* **RECORDED DATA**:
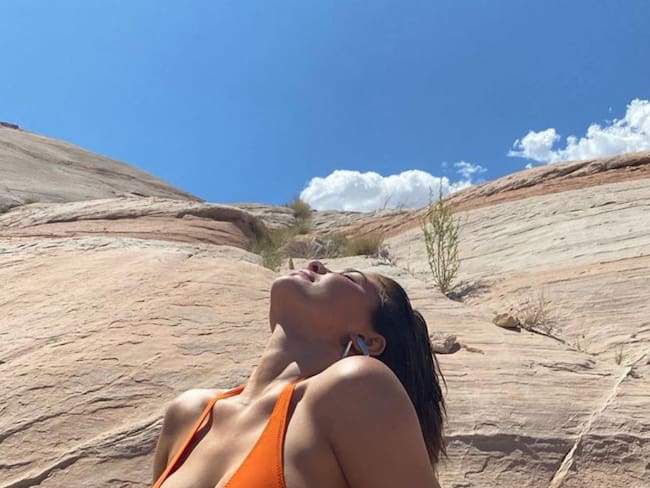 Kylie Jenner encantó a sus seguidores con diminuto bikini en el desierto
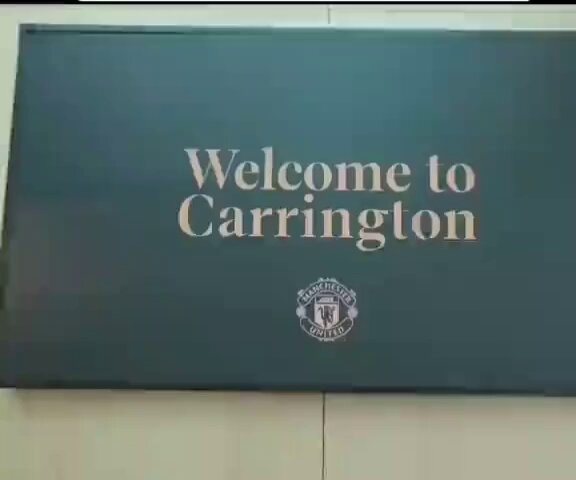 Bro I thought this was some AI shit. Man United is so stacked 😨😲🤯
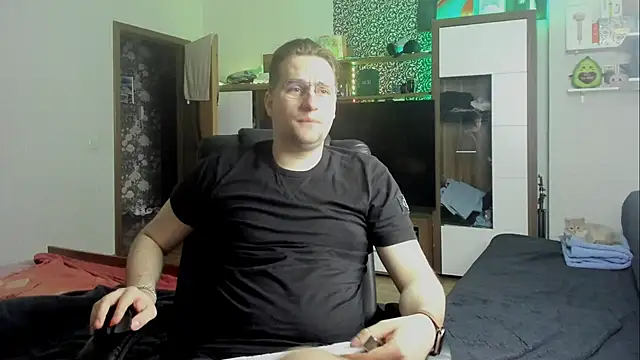 romiosabrino online show from March 19, 2026, 2:32 pm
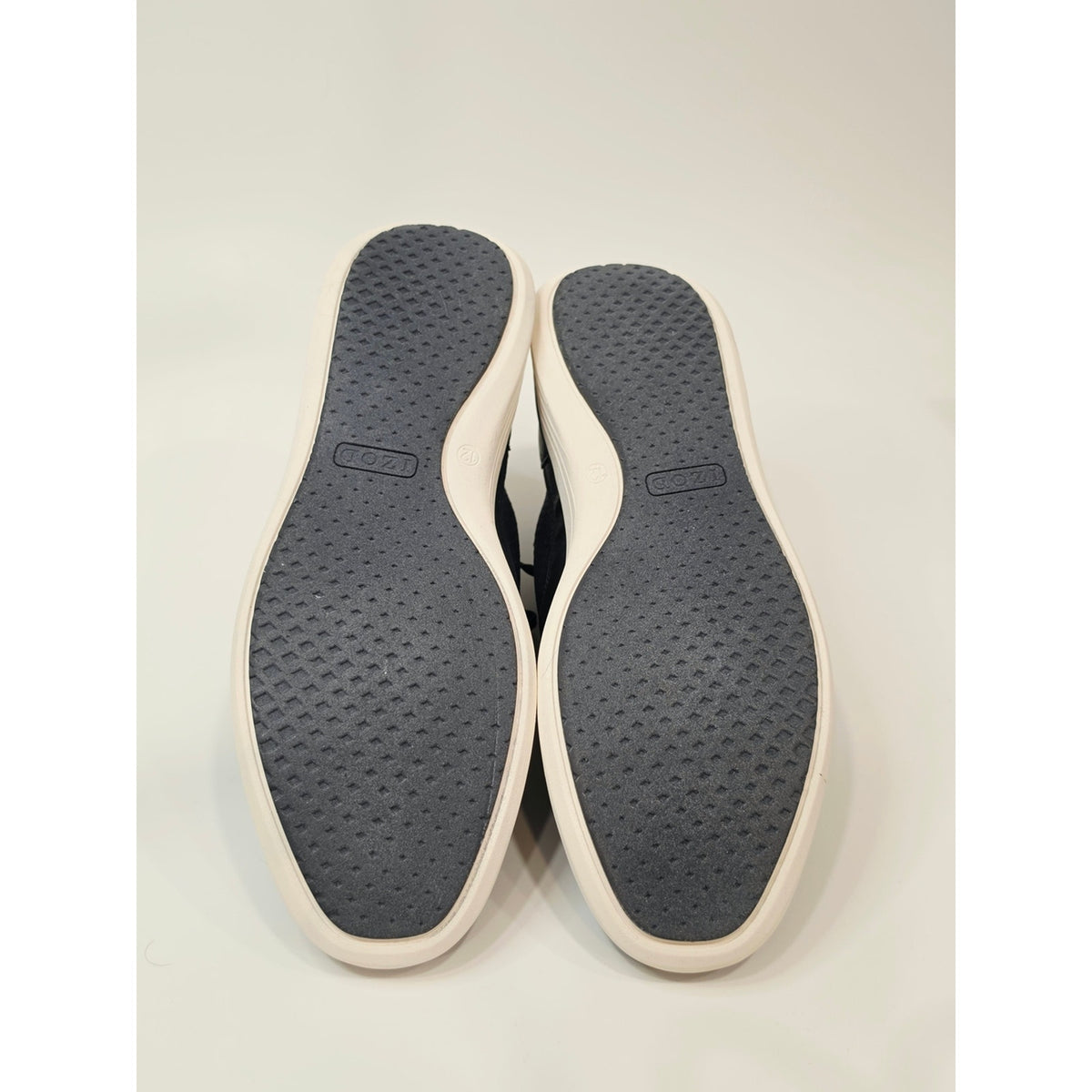 Izod Bannister Navy and Tan Low-Top Knit Lace-Up Sneakers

* **THE TASK**:
A word-for-word copy of the data, without its pictures, is what is needed.

* **REPLY**:
 Kylie Jenner encantó a sus seguidores con diminuto bikini en el desierto
 Bro I thought this was some AI shit. Man United is so stacked 😨😲🤯
 romiosabrino online show from March 19, 2026, 2:32 pm
 Izod Bannister Navy and Tan Low-Top Knit Lace-Up Sneakers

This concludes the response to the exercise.